2

I have set (not list) of strings (words). It is a big one. (It's ripped out of images with openCV and tesseract so there's no reliable way to predict its contents.)

At some point of working with this list I need to find out if it contains at least one word that begins with part I'm currently processing. So it's like (NOT an actual code):

if exists(word.startswith(word_part) in word_set) then continue else break

There is a very good answer on how to find all strings in list that start with something here:

result = [s for s in string_list if s.startswith(lookup)]

or

result = filter(lambda s: s.startswith(lookup), string_list)

But they return list or iterator of all strings found. I only need to find if any such string exists within set, not get them all. Performance-wise it seems kinda stupid to get list, then get its len and see if it's more than zero and then just drop that list.

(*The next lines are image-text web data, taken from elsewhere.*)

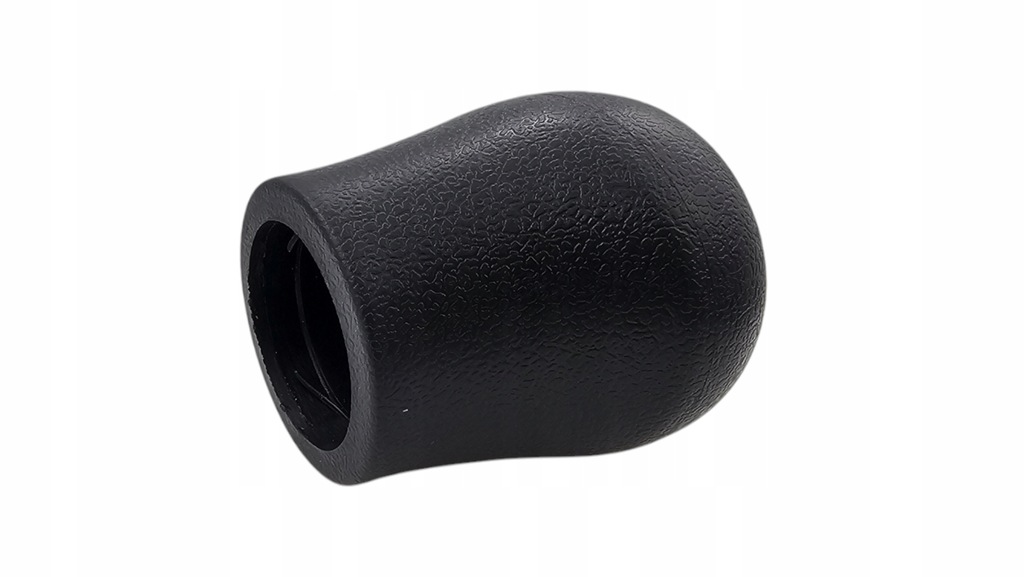 фото №13, Ручка перемикання передач renault scenic mk1 twingo dacia logan czarna 5 передач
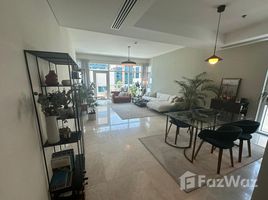 1 Bedroom Apartment for sale at Bay Square Building 6, Bay Square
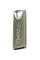 Флеш-накопичувач USB 64GB Dato DS7016 Silver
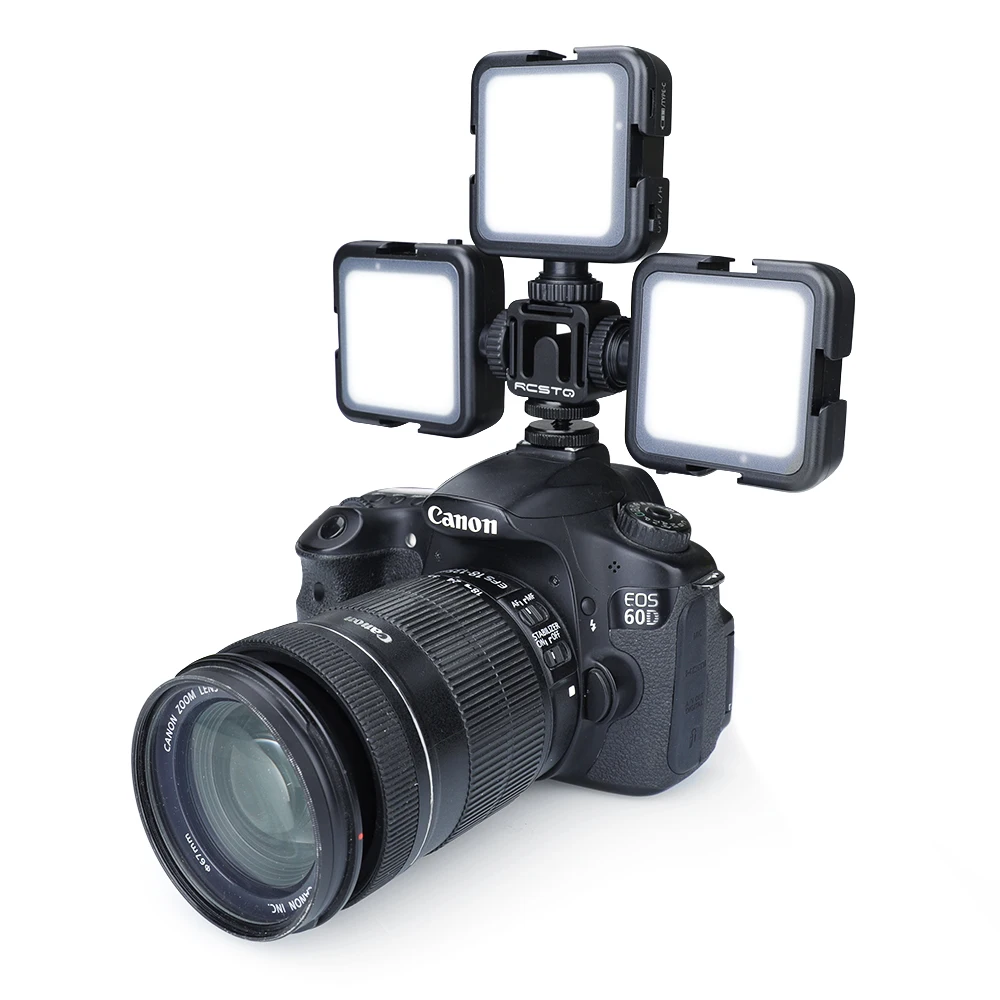 Тройной кронштейн с креплением на ботинки холодного башмака стойка со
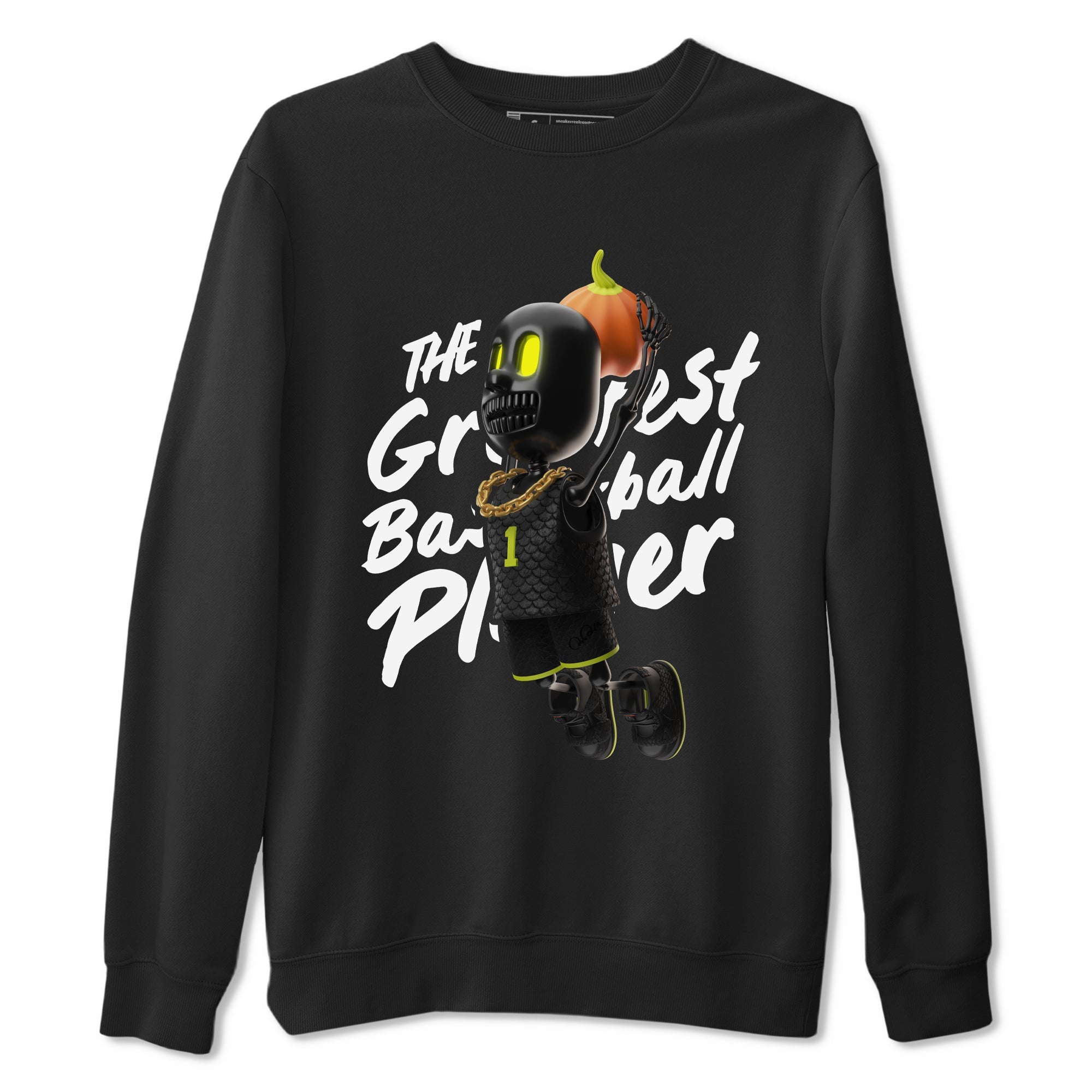 Dunk Halloween shirt to match jordans Dunkshot Boy sneaker tees Halloween Night NikeDunk Halloween Drip Gear Zone Unisex Black 2 T-Shirt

It there a better / faster / cleaner way?

Paul Alex
  • 65
  • 8
  • 1
    you could just `re.search("[\b]lookup_term",original_block_of_text))` ... but it still is O(N) ... you could make a set of the `word[:len(lookup_term)]` instead of the whole word ... but still takes O(N) to build that set (but then very fast lookup)... – Joran Beasley Dec 18 '19 at 04:40
  • 4
    If you want short-circuit, why not `if any(word.startswith(word_part) for word in wordset)`? – Chris Dec 18 '19 at 04:41
  • 1
    If you want to make this check more performant, you should store your strings in a prefix trie (see this question https://stackoverflow.com/questions/11015320/how-to-create-a-trie-in-python or use a real library), otherwise just use `any` as others have already mentioned. – Boris Verkhovskiy Dec 18 '19 at 05:00
  • `sort` + `bisect` + `startswith`. – Stefan Pochmann Dec 18 '19 at 05:20
  • Joran Beasely, no, that won't do, I need to do that multiple times. with different-*length* starting letter sets. so building a different list for looking up is too performance-heavy. Chris, yes, that's exactly what I need, I'm just beginning coding in python so I didn't know about "any" yet, thank you! Boris, that's too data-science for a former web developer like me. Not my level yet, but thanks for pointing. I'll look in that direction later, when I'll have more experience. – Paul Alex Dec 18 '19 at 05:29

2 Answers2

3

Your pseudocode is very close to real code!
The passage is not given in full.